### REQUIRED WORK
Omitting all pictures, print the lines of the listing from the one containing "Used 2026 Jeep" through the final line, both ends included, with no other text.

### DATA SECTION
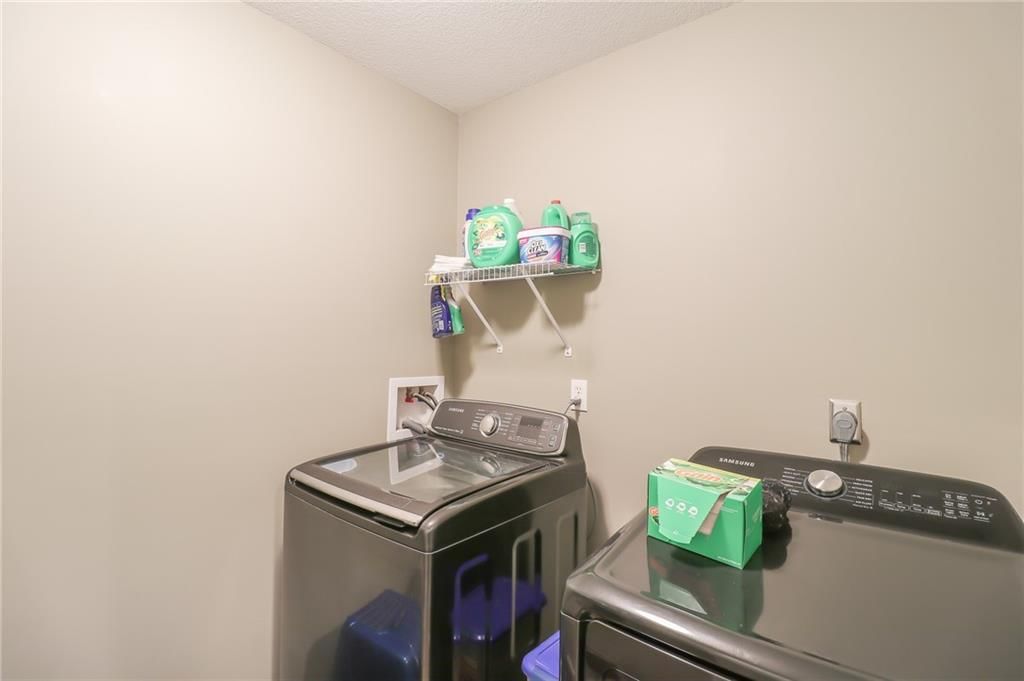 100 Newberry Court — photo 26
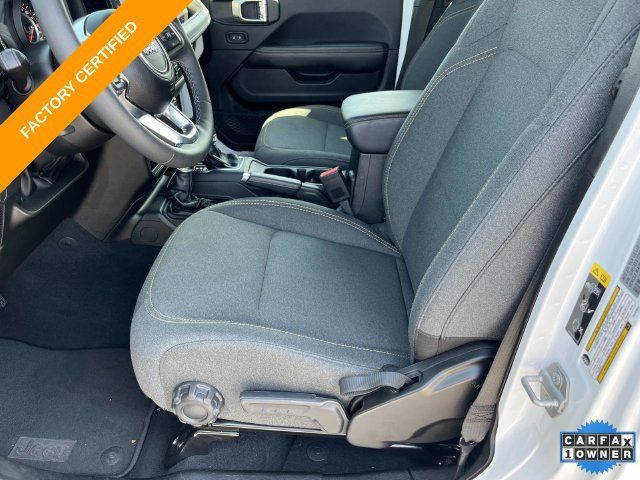 Used 2026 Jeep Wrangler Unlimited Sahara AWD/4WD image 26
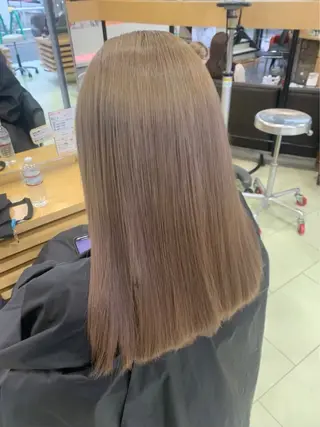 セミロング 貞清 花音のヘアスタイル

### PROBLEM SOLUTION
 Used 2026 Jeep Wrangler Unlimited Sahara AWD/4WD image 26
 セミロング 貞清 花音のヘアスタイル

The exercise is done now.